By J. Kb

8 thoughts on “Compare and contrast”
  1. Nice looking weapons and I was pleased to see that they are keeping their bugger hooks off the bang sticks.

    Of course they don’t use the slings but what can you say, they are new to them weapons…

    And I notice that they have the latest in PoS country iron sights, none in the rear.

    (I did look and it could be that there is a rear sight on one of them, but it seems awfully low.)

    (I notice that Ian talks about how many guns come in from Ethiopia with no rear sights)

  2. I’ve raged on this point for days. My job has had me involved in ITAR controlled items since day one.

    Department of State, Bureau of Alcohol Tobacco, Firearms, and Explosives, Department of Commerce and a couple others all up in our shit. Constant training on what we can/can’t say or do. Secure storage requirements for NFA articles and explosives. Getting TAAs and clearance from the compliance and legal department before even talking to someone who works for your company but is in another country. Background checks out the ass for anyone that crosses the threshold into the building. Almost neurotic compliance with the (sometimes conflicting regulations) because if your i’s are not dotted and t’s crossed perfectly than any one of the licenses you need to stay in business can be yanked.

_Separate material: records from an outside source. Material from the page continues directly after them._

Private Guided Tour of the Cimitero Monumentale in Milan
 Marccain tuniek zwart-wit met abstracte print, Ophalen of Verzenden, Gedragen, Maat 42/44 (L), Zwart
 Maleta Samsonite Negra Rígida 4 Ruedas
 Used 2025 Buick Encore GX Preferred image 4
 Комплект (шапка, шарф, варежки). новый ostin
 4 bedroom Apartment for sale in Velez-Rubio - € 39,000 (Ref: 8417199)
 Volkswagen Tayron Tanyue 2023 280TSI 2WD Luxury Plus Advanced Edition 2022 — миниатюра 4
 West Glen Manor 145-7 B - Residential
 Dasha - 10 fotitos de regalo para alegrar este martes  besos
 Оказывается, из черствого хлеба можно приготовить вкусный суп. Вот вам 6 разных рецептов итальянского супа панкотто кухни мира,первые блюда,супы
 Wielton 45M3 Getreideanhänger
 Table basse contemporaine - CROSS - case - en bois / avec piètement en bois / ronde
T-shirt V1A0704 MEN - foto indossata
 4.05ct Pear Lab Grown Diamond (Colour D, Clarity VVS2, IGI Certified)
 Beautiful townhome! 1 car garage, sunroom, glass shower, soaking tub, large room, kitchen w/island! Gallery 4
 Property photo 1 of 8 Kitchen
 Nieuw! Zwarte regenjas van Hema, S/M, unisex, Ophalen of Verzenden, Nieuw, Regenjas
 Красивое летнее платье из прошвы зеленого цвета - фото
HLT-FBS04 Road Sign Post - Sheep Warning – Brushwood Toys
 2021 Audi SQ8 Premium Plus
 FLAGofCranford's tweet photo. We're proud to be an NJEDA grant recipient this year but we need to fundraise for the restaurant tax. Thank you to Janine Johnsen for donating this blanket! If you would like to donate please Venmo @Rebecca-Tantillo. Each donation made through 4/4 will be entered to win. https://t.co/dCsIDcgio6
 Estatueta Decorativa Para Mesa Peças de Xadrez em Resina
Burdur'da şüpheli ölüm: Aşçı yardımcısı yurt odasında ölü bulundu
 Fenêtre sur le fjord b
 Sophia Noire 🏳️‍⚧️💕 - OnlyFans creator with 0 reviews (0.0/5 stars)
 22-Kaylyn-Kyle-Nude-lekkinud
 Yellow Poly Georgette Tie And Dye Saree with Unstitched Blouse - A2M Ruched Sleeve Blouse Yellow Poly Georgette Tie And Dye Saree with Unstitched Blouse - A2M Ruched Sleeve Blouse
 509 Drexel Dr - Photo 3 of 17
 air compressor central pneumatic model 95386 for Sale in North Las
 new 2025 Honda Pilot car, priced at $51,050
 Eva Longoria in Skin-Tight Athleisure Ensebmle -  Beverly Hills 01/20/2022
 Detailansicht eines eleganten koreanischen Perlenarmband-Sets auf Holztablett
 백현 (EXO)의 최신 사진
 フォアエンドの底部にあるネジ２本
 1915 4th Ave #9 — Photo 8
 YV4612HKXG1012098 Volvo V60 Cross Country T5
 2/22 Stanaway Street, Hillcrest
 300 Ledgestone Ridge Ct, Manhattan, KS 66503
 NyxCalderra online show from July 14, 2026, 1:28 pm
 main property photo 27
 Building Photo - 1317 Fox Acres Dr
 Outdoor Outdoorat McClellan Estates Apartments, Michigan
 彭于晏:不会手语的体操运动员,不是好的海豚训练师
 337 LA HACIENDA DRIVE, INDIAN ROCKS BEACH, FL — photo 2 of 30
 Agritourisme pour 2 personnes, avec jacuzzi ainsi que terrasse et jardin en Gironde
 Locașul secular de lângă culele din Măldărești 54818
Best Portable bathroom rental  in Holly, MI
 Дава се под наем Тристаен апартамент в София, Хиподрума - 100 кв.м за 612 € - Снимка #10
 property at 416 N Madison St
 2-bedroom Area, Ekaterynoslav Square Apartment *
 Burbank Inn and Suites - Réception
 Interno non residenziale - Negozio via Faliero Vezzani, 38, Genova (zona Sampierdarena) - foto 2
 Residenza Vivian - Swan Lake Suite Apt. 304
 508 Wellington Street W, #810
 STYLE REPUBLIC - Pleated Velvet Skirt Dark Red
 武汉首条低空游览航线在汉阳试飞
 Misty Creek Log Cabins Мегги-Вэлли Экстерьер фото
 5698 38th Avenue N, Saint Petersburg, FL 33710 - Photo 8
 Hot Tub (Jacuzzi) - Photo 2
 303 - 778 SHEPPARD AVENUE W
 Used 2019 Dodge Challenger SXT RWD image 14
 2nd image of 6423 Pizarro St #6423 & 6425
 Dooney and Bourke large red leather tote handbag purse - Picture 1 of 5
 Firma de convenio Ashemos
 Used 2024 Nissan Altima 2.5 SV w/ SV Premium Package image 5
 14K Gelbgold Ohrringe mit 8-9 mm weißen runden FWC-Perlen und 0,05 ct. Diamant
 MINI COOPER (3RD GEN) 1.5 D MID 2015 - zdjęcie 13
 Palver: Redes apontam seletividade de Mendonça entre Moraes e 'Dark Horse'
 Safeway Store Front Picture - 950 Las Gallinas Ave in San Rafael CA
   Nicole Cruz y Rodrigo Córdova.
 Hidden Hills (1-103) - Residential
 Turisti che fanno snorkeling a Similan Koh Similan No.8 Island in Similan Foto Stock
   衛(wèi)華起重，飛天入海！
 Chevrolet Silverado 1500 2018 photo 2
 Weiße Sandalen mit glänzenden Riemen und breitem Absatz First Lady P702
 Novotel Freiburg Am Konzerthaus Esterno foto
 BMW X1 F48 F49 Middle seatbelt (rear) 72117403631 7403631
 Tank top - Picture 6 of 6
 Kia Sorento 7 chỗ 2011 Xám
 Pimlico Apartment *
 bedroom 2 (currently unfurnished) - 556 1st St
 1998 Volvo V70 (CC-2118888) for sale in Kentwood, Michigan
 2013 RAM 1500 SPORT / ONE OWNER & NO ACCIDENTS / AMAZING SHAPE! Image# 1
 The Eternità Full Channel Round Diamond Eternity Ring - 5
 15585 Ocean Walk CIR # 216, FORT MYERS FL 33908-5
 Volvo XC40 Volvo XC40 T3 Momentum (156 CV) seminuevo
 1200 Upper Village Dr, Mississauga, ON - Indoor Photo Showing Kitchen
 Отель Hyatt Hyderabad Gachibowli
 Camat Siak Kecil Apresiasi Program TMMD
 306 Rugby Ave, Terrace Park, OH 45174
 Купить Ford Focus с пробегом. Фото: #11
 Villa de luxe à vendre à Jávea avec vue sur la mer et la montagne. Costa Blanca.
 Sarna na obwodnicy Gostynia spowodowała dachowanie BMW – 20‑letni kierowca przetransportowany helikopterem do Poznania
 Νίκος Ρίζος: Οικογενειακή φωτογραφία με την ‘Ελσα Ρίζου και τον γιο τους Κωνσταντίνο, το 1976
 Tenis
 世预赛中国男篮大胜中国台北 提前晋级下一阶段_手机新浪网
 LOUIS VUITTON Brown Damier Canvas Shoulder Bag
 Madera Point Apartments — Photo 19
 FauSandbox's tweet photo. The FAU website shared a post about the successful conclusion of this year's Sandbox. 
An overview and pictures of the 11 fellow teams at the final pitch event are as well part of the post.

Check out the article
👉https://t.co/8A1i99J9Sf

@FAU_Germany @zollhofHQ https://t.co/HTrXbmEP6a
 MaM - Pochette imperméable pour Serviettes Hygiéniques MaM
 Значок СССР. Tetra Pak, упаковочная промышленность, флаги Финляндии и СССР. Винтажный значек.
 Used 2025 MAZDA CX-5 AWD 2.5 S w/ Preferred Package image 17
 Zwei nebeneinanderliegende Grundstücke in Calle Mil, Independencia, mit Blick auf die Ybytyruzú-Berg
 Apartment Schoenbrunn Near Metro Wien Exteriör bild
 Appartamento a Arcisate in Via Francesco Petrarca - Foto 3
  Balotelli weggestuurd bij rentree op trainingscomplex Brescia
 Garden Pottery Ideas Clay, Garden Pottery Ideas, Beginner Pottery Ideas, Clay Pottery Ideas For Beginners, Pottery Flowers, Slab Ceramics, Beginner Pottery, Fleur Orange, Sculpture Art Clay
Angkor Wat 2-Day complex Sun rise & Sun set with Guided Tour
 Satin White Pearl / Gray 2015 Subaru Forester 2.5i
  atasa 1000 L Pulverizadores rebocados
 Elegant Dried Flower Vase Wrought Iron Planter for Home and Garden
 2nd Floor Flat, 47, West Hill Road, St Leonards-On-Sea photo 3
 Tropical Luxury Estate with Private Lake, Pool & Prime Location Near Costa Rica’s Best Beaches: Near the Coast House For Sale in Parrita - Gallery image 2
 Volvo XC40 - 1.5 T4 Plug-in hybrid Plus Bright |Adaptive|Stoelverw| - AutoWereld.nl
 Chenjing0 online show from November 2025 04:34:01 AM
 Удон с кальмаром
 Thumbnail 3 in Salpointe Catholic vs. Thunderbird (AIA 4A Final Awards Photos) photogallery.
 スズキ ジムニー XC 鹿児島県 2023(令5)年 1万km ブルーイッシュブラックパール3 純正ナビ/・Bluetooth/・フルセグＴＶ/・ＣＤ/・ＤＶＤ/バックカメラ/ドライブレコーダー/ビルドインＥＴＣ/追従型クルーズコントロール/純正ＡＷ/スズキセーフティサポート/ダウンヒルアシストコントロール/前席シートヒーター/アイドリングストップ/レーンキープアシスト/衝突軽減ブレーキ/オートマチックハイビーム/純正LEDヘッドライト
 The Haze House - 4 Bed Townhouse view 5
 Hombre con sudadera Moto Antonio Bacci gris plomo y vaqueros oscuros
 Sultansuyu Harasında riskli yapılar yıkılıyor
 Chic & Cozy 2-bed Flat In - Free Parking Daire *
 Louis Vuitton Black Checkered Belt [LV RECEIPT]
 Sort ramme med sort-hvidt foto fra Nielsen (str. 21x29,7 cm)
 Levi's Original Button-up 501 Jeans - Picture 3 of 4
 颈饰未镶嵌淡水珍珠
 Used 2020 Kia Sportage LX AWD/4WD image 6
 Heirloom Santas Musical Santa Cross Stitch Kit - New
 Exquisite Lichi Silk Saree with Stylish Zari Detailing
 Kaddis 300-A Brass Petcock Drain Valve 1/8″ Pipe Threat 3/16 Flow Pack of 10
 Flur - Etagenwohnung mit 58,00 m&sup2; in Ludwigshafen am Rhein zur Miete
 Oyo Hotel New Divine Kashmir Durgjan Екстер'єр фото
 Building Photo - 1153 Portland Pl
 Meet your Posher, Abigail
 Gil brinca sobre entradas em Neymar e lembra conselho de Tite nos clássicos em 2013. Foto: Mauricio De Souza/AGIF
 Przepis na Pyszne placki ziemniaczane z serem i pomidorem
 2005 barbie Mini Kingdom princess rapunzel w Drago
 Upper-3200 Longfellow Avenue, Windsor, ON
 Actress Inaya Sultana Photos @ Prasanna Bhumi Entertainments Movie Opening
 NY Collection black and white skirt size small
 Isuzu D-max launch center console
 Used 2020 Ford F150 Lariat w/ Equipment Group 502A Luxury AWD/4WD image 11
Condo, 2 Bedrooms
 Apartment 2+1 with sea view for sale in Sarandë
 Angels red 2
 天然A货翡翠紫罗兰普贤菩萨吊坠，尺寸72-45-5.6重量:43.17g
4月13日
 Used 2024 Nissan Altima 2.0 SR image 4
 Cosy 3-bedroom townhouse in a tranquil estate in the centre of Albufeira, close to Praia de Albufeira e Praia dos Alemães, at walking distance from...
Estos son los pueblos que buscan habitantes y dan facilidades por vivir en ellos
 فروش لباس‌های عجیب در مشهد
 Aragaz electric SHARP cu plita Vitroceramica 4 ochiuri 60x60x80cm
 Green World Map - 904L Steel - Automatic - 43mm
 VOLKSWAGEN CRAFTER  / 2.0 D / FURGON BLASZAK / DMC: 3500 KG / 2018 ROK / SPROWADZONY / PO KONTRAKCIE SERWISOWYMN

    But that same government that will ruin your life for a 17.98” barrel on a shotgun or for saying the wrong thing to a foreigner (technical data, verbal or written can be considered a defense article and, therefore, can fall under ITAR) and has declared you a threat to society for owning a firearm to defend your family and home and hearth and for daring to question the narratives that they feed you through their puppets in the media . . . that same government just handed over 9+ figures worth of hardware and IP to a hostile government and their response is, “Meh. Shit happens.”

    We are so fucked.

    1. I so feel for you. I was involved with the early days of PGP. At the time all encryption was covered under ITAR. Nobody really understood or worried about it. It just was.

      What I learned was that the reason that all the ciphers on comics and books were simple substitution ciphers was because…. ITAR. At the time, anything more complex than a substitution cipher could get you in trouble with ITAR.

      Cryptoanalysis , the art of breaking ciphers/codes was purely a government organizational study. But with PGP some ciphers made it into the real world and were available to be used. But you couldn’t get the damn software because… ITAR.

      Somebody from outside the US could potentially download the code and then oops.

      The solution for them was the 1st amendment. It seems that while ITAR could cover the program as written and distributing the source or binaries, it didn’t cover “written expression”. People printed the code in an OCR alphabet, printed it on T-shirts and just walked it across the border to places where it wasn’t controlled.

      All of the SSL/TLS (stuff that drives the internet e-commerce, the stuff that lets you give your CC information safely) had to be developed outside of the US. And for many many years, SSL was crippled because of ITAR.

      That seems to have been removed from the ITAR regulations.

      The amount of paperwork that people have to do and pay for and the inspections and the compliance officers in some occupations is just mind boggling.

      1. That PGP book was a stroke of genius. The immediate consequence was a free for all download site for PGP, located in Norway.
        Years later, the same technology was recycled to publish the full design specification for a DES encryption breaking machine.

    2. I just had my annual ITAR refresher training.

      The takeaway actions for me are:
      – don’t talk to anyone at conferences;
      – in fact, stop going to conferences;
      – never even try to publish anything; and
      – never hire a foreign national even for janitorial staff – let alone students or postdocs – because you might leave a manual open on your desk, and Boom! there’s a deemed export waiting to happen.

    3. The argument I’ve heard is that ‘oh, that was stuff we gave to the Afghani government.’

      Really? We handed out that much shit to them? Including the drone systems?

      At this point, if federales started disappearing, I wouldn’t care.